Thinking about those moments and times when one is genuinely arrested – stopped in motion – one confesses their rarity. They stand out in memory because they were at once unique (or nearly so) and physically material.
Twenty-year-olds are well-known for knowing everything and are beyond surprise. It’s rather amazing just how much they know, despite the brevity of their experience. Nonetheless, this is the way things are and there’s little to be done about it. It’s as though they come packaged with the slogan: “Can’t surprise me.”
But, of course, they can.
Ushered into an enormous sound studio masquerading as an insane asylum, the walls are padded and what appear to be egg crates likewise form the ceiling. Gathered there are especially-know-it-all college radio kids.
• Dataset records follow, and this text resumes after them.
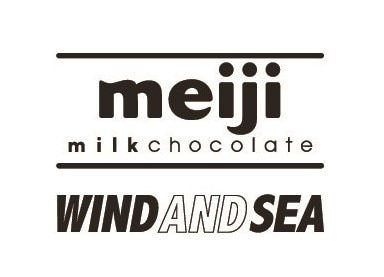イラスト：「WIND AND SEA」のロゴ画像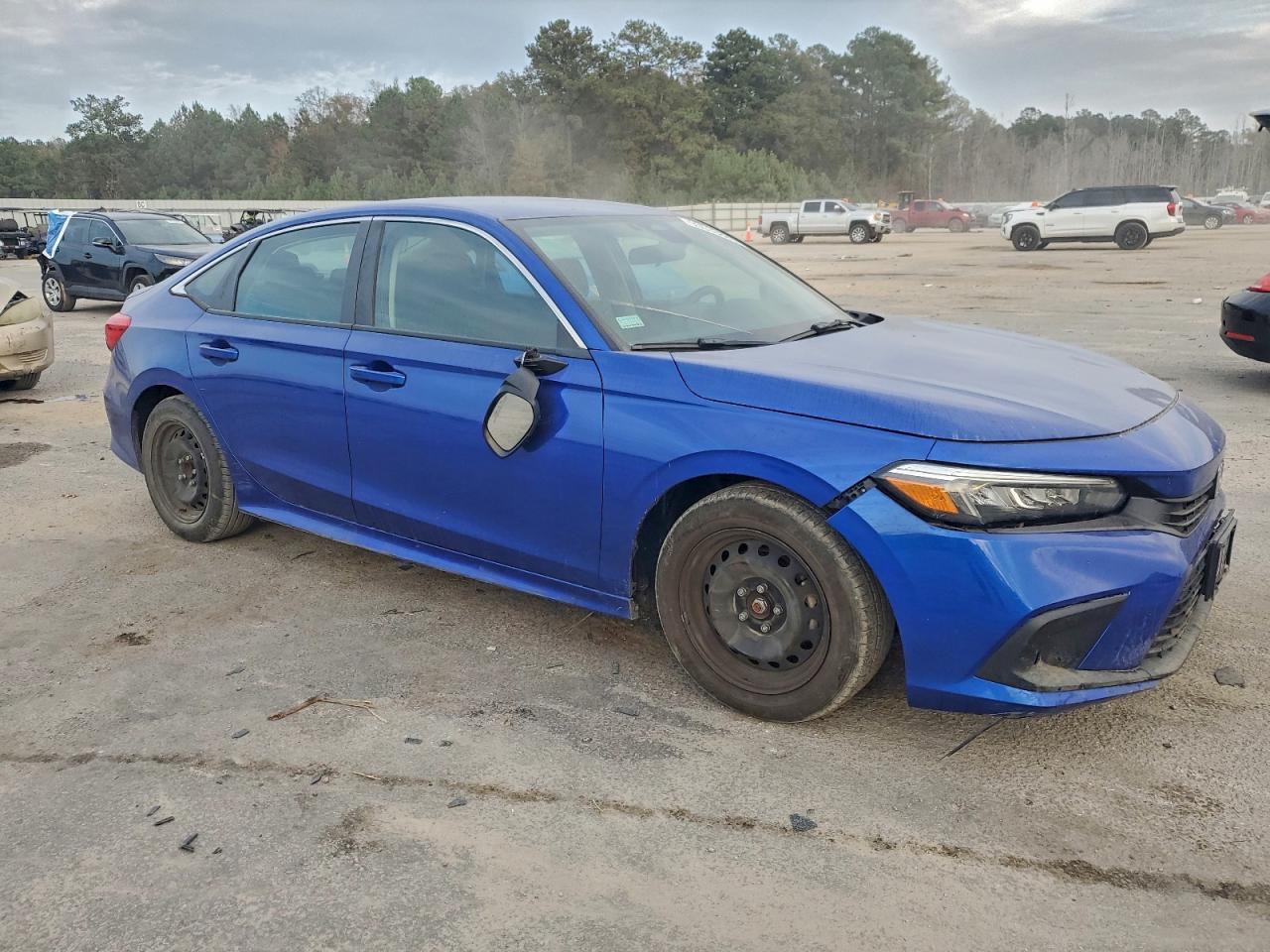 2022 HONDA CIVIC
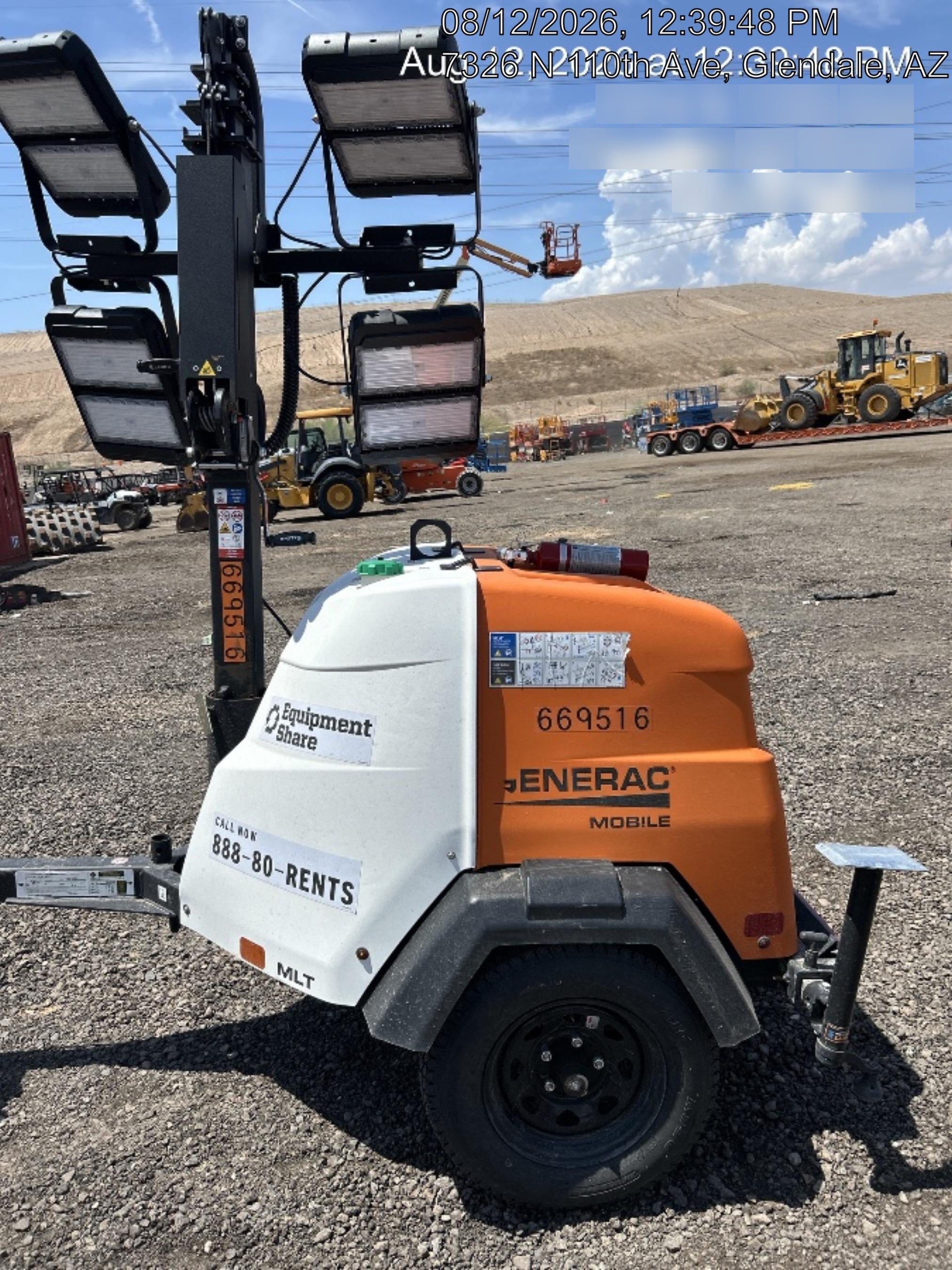 2026 GENERAC MLTS-4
The location was New York City and the place RCA Records. At once home to media-savvy fast mouths and that dog, Nipper, always attentively turned to his master’s voice emanating from a giant horn that had been released from an undertaker’s set.
But once the needle dropped – in fact, it was probably once the 7-inch plastic wheel began to spin – all we Can’t-Surprise-Us 20-year-olds shut up and paid attention.
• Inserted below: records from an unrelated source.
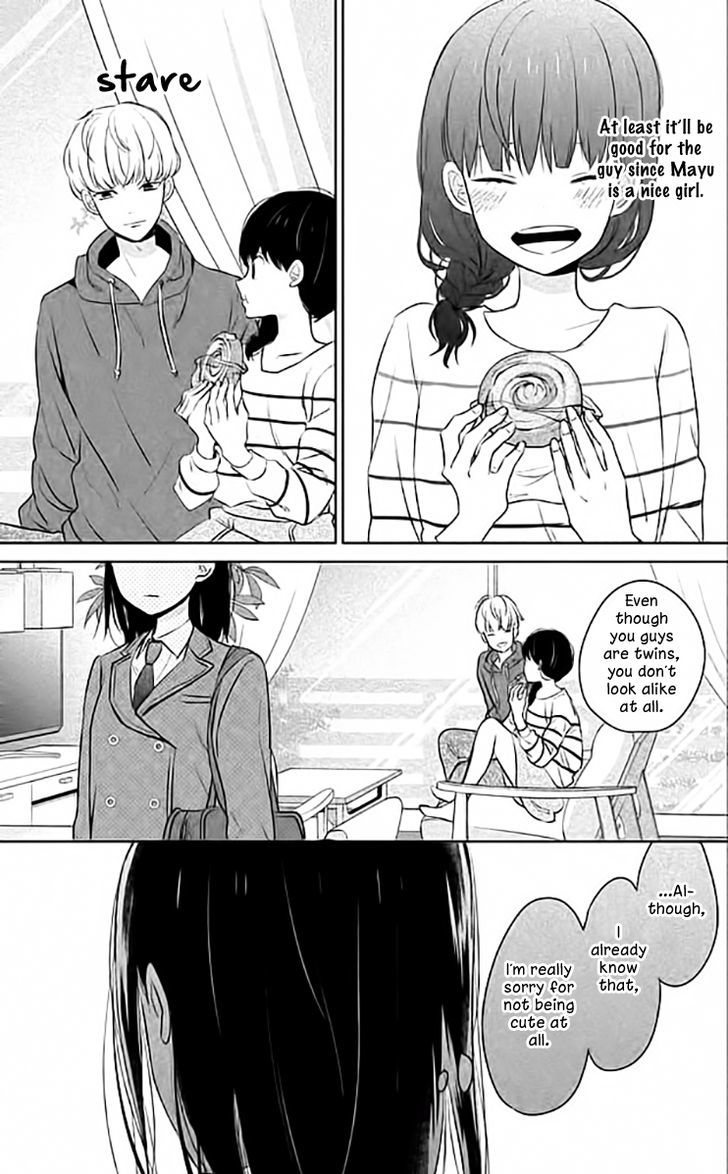 Chikyuu No Owari Wa Koi No Hajimari Chapter 2 #40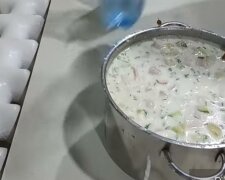 Окрошка, фото: скриншот из видео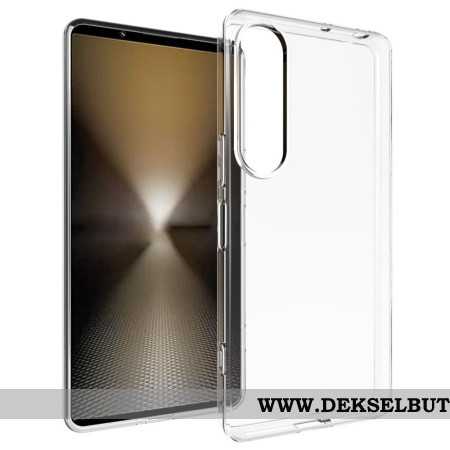 Deksel Sony Xperia 1 Vii Gjennomsiktig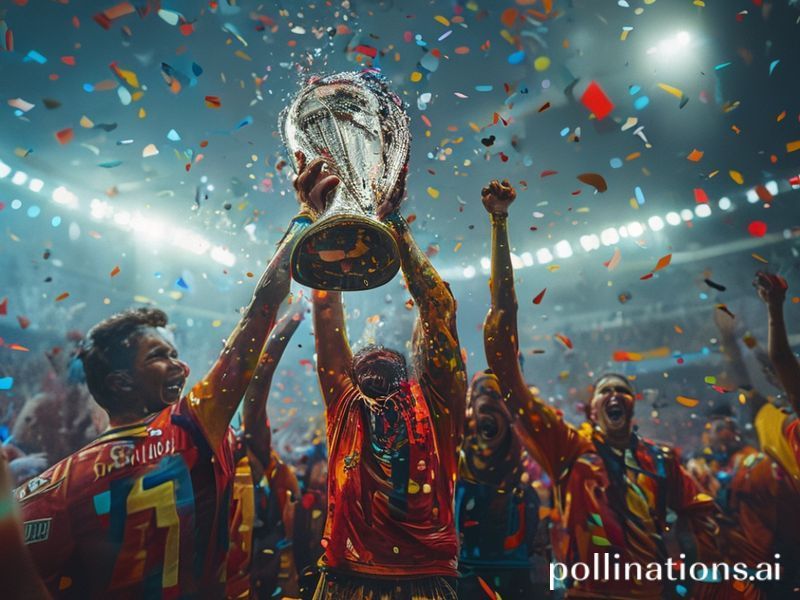 Trending: who won football game last night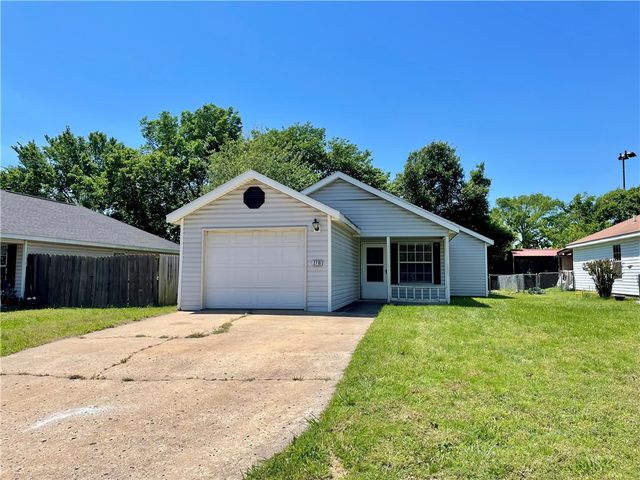 2710 Dandelion Street, Springdale, AR 72764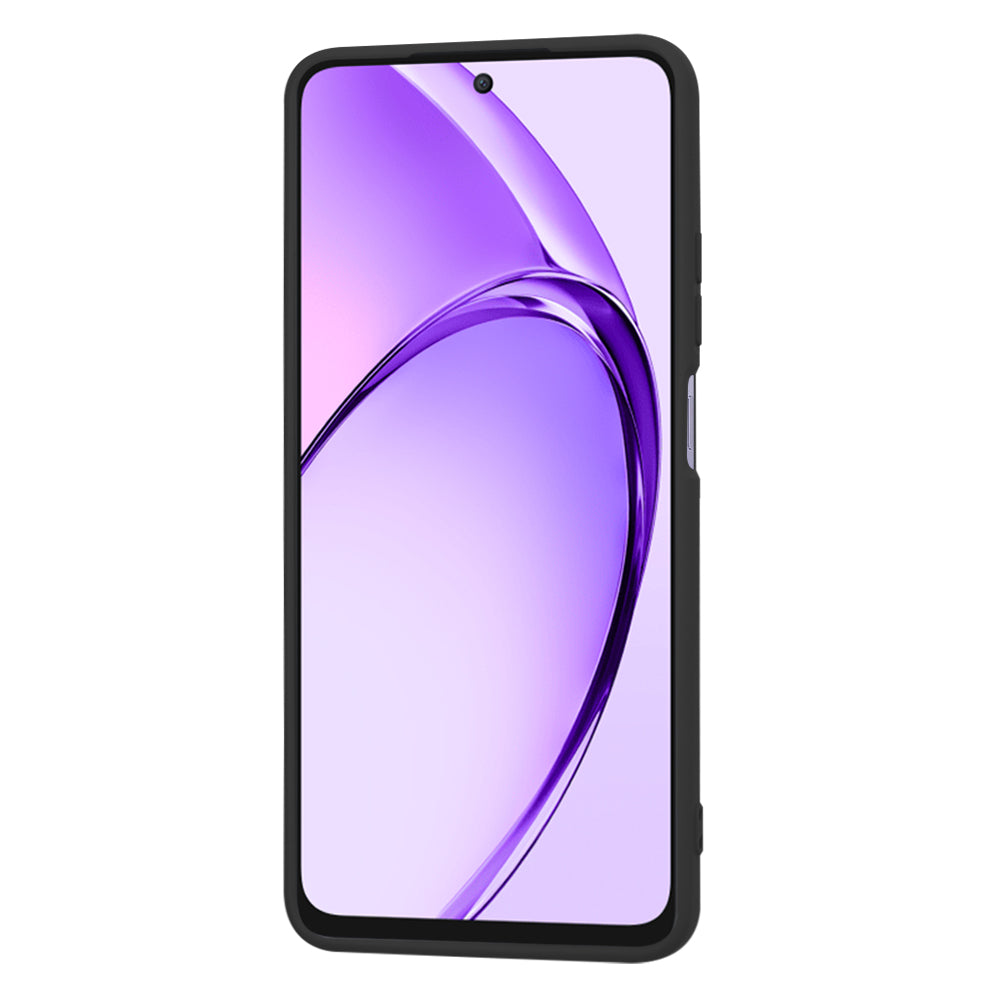 Funda para Oppo A80, Techsuit, SoftFlex, Negra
Corny by (then) contemporary standards, the Elvis Presley song was unbelievable in its aural power. The record’s sound quality immediately ripped away its otherwise dated, this-is-some-has-been-singer-who-was-once-important-but-no-longer-is veneer.
Quadraphonic. Sound separation in four and not the two we were accustomed to.
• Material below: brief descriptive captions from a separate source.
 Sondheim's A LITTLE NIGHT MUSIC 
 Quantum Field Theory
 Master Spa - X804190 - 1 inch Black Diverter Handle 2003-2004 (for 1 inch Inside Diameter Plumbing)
That got our attention. The RCA engineers drove it home with David Bowie’s “The Jean Genie.” The vocal track whipped from one corner of the room to the next. Listeners each turned their head, cranking this way and then that, following Bowie’s command.
Popular enough to inspire a Who rock opera, the surround sound system never caught on the way its predecessor, stereo, did. But, man, it was a powerful experience.
A decade later, it happened again. A colleague’s phone call initially seemed weird: “You’ve gotta hear this – come right over.” The foreign-looking device and the itty-bity “record” with neither a tiny center hole for a spindle or a quarter-sized one for one of those odd-looking plastic inserts wasn’t comprehensible.
Shoving the disc into the device and pushing a button labeled only with a right-facing arrow: Pow! Sound so clear and sharp it seemed antiseptically artificial. It was the aural analogy to the visual difference between film and videotape.
CDs. Digital sound. Never heard of it. Had never heard of it. And there it was. Albeit sterile for its lack of hisses and pops that we were so used to that it was the distortion and distraction that made it seem “real.” But the purity of sound, as is true in other contexts, was its own selling point.
Now who wants to return to days of vinyl?